Student cooks up hot future in sauce venture


Minnesota Daily, November 10, 2005

Nick Beste’s drive in business has led to a deal to supply Cub Foods with a hot sauce brand.
By Bryce Haugen

As long as University first-year finance student Nick Beste can remember, he’s been coming up with “cockeyed ideas.”

Whether trying to develop a cell phone-controlled car starter or a Global Positioning System navigated robotic lawnmower, the East Grand Forks native explored countless ways to make money during high school.

“I don’t ever want to work for another person. I don’t ever want to work for a business,” Beste said. “I just want to start them and run them.”

And in his first few months at the University, he did just that. With luck and determination as the key ingredients, Beste said, he launched a hot sauce brokerage business in September.

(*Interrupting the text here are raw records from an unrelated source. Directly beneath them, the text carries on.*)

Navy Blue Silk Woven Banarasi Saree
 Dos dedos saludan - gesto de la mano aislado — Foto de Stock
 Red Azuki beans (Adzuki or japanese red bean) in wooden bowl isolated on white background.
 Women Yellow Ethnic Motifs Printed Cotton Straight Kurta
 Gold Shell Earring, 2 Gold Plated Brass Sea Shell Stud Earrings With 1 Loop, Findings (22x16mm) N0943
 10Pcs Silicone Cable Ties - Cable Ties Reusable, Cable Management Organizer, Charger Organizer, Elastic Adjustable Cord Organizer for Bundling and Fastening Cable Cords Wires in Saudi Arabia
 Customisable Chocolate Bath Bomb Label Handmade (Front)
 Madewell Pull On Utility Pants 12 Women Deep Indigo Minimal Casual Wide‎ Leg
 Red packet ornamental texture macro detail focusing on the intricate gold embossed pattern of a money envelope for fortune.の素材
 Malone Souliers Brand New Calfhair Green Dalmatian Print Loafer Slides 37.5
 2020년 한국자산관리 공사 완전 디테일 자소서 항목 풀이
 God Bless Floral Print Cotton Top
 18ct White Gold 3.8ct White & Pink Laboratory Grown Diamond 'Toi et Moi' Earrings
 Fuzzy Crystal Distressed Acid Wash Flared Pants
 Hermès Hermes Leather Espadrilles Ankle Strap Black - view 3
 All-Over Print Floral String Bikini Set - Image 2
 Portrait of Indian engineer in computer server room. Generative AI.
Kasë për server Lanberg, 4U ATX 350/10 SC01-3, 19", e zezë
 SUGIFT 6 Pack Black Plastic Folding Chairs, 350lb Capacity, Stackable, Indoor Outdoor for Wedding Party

The product, Village Hot Sauce — until recently a product exclusive to North Dakota and northern Minnesota — goes on sale in late November at 62 metro Cub Foods locations for $2.79.

Beste said he realized on a random weekend trip to Cub Foods this September that Twin Cities supermarkets don’t offer chunk-free hot sauce, a popular item in stores up north.

He eyed this untapped market and, a couple of days later, approached Cub with a business plan, he said.

“I said ‘I have a hot sauce I’d like to sell in your stores. How would I go about that?’ ” he said.

They liked the idea and agreed to a trial period. But there was one problem, he said: He didn’t have a hot sauce product to sell them.

Posing as a University student doing research on salsa trends in northwestern Minnesota, Beste called a grocery store and asked them which hot sauce sold best.

The store directed him to Tom Zimmer of Grand Forks Grocery, who’s been making Village Hot Sauce as a side job for 27 years. He agreed to work with Beste.

“We’ve always looked at Minneapolis as the next place to grow,” said Zimmer, 59, who makes 8,000, 15-ounce hot sauce units per week out of a combination of family recipes. “(Beste’s) got a good head on his shoulders so we’re more than willing to work with him on it.”

When the sauce goes on sale, Beste will serve as a middle man, in charge of promoting the product to the new market. A suburban distributor will handle product shipping.

For a few high school summers, Beste operated a commercial lawnmowing business. He also manages stocks for himself, family and a few friends.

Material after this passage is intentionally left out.